The response must be the exact lines from the one that contains "00173120 O. Cóctel de aguacate con fresas" through the end of the material, with no pictures and no additional lines.

● DATA BELOW
- Opening Delimiter -
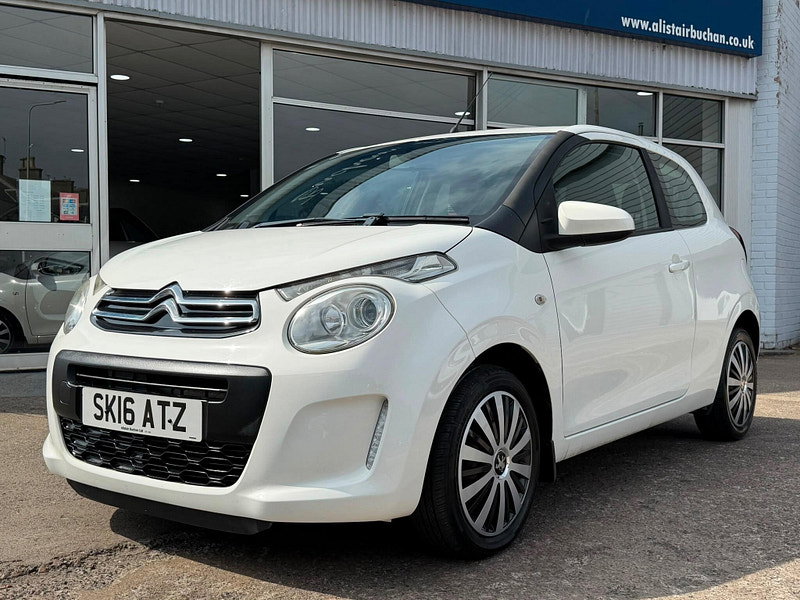 Citroen C1 1.0 VTi Feel Hatchback 3dr Petrol Manual Euro 6 (68 ps) 3dr Manual 2026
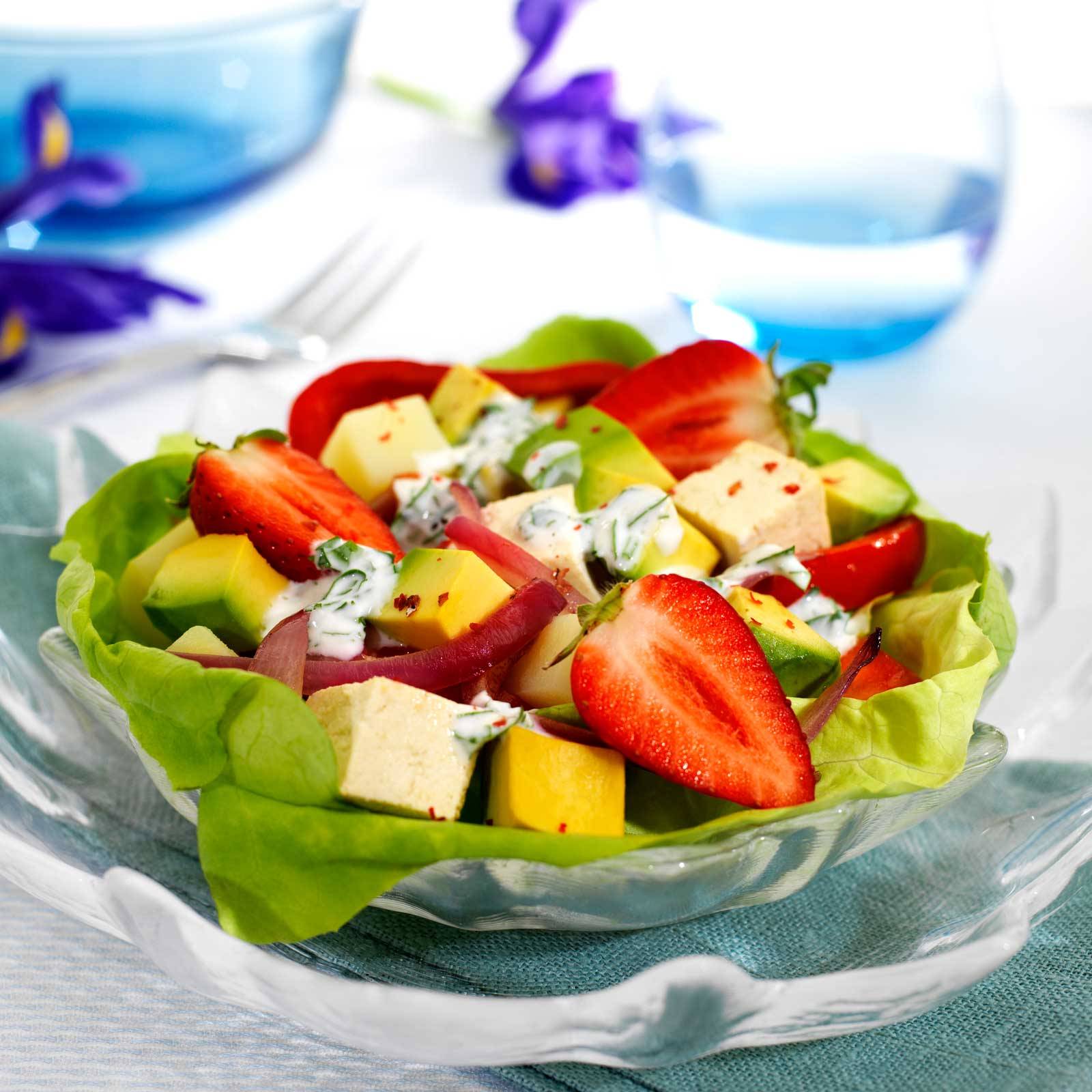 00173120 O. Cóctel de aguacate con fresas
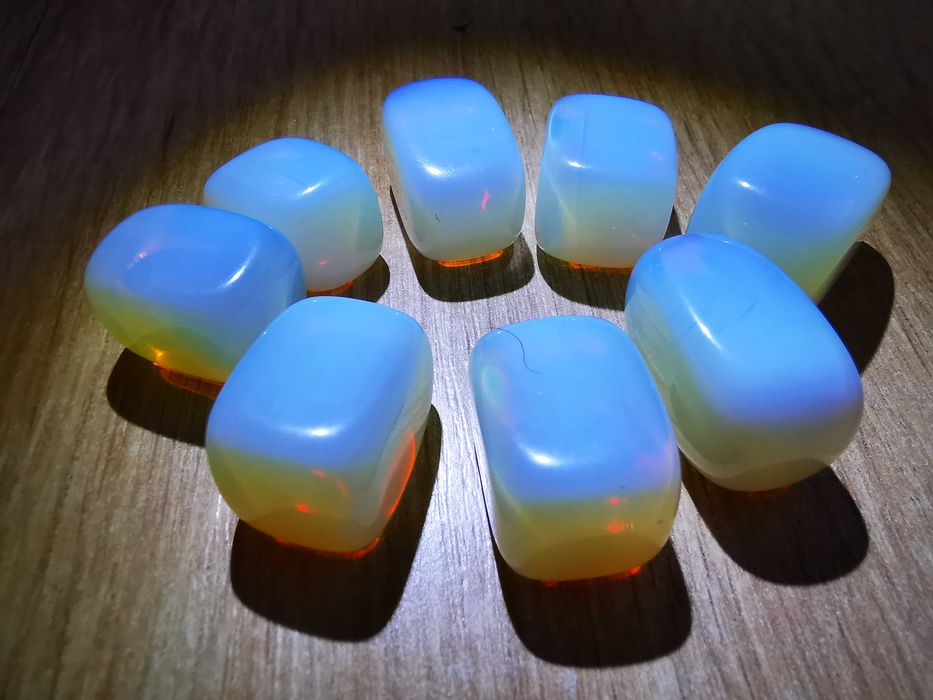 Zestaw opalitów 106g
- Closing Delimiter -
● SOLUTION FOR THIS PROBLEM
 00173120 O. Cóctel de aguacate con fresas
 Zestaw opalitów 106g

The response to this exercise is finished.